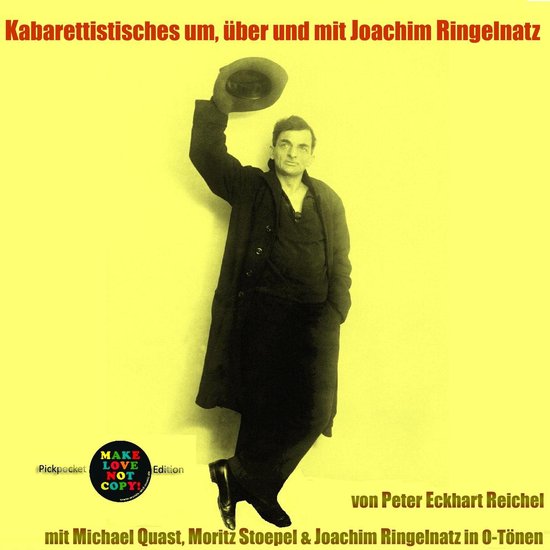 Kabarettistisches um, über und mit Joachim Ringelnatz - cover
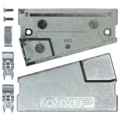 749204-2 - CONN BACKSHELL 68POS 75DEG SHLD
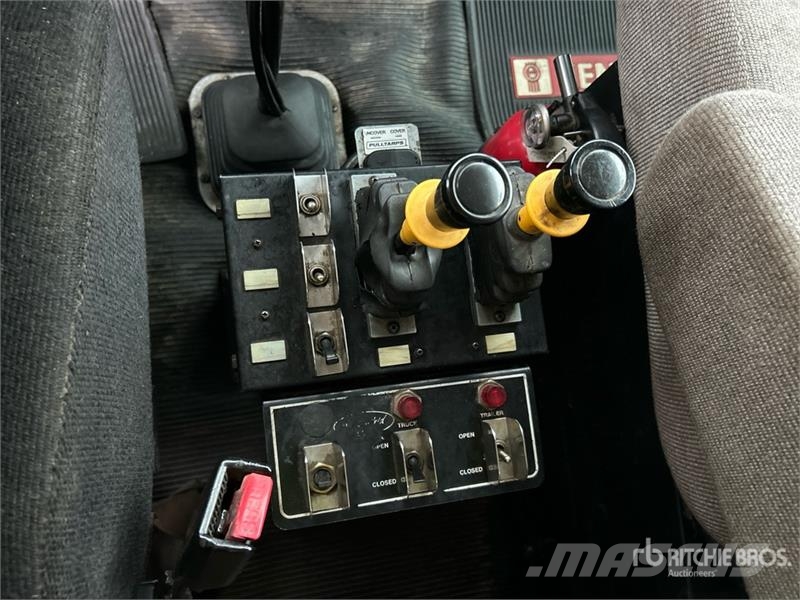 Kenworth T800 Kiper tovornjaki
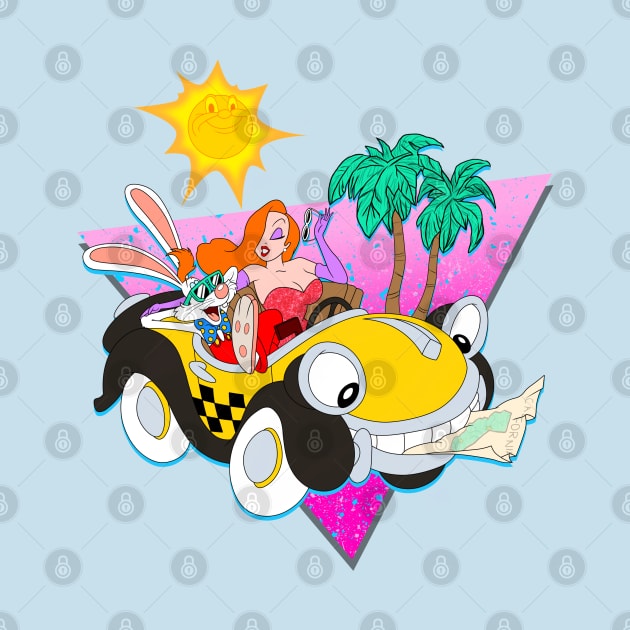 Cruisin' Down to Toontown (1980s EDITION!) by HenriDefense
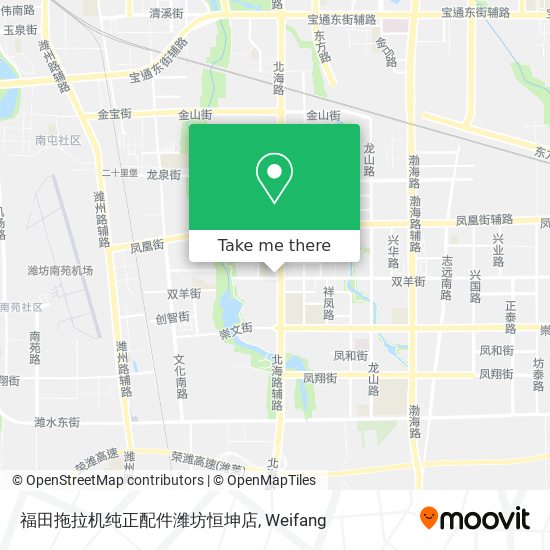 福田拖拉机纯正配件潍坊恒坤店 map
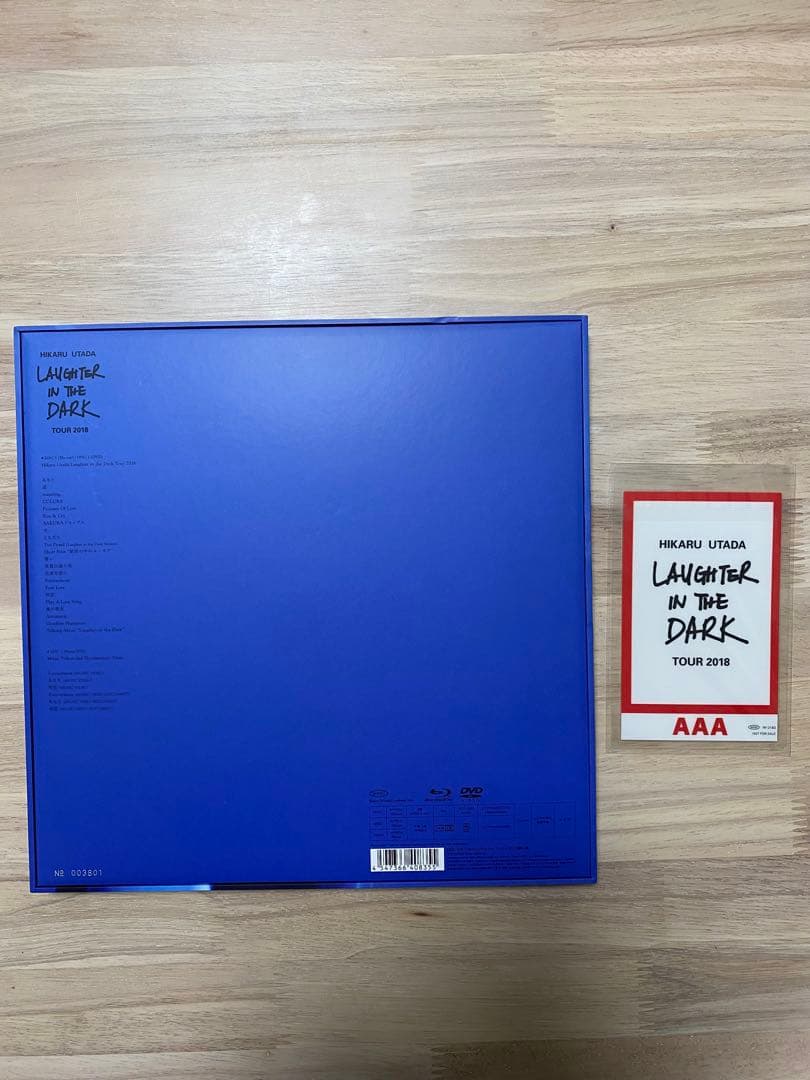 宇多田ヒカル Laughter in the Dark Blu-ray3枚セット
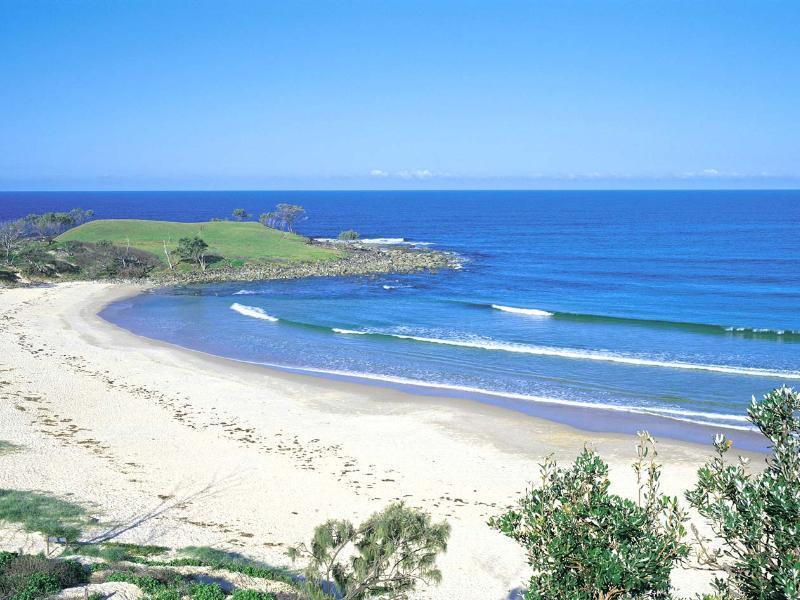 Yamba Motor Inn Esterno foto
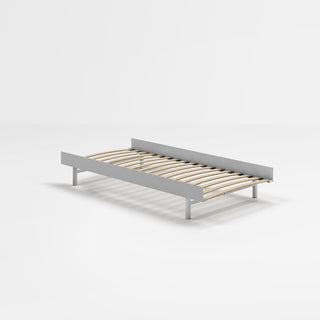 MOEBE Bed Stainless Steel 90 cm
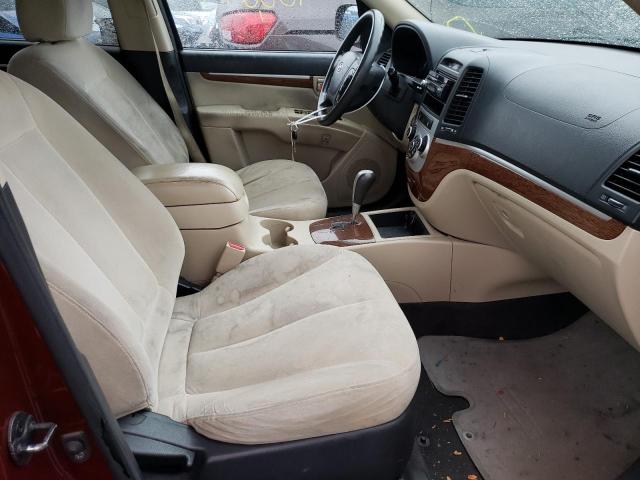 Photo 5 from auction – 2008 HYUNDAI SANTA FE G with VIN 5NMSG73D28H136122
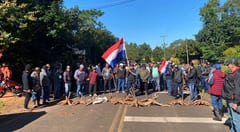 Mandioqueros de San Joaquín exigen mejores precios en protesta
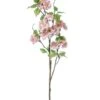 52" Silk Cherry Blossom Spray Pink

-*-*-

#### Your task
Where a picture appears in the material above, skip it, and print the rest exactly.

#### Task solution
 Kabarettistisches um, über und mit Joachim Ringelnatz - cover
 749204-2 - CONN BACKSHELL 68POS 75DEG SHLD
 Kenworth T800 Kiper tovornjaki
 Cruisin' Down to Toontown (1980s EDITION!) by HenriDefense
 福田拖拉机纯正配件潍坊恒坤店 map
 宇多田ヒカル Laughter in the Dark Blu-ray3枚セット
 Yamba Motor Inn Esterno foto
 MOEBE Bed Stainless Steel 90 cm
 Photo 5 from auction – 2008 HYUNDAI SANTA FE G with VIN 5NMSG73D28H136122
 Mandioqueros de San Joaquín exigen mejores precios en protesta
 52" Silk Cherry Blossom Spray Pink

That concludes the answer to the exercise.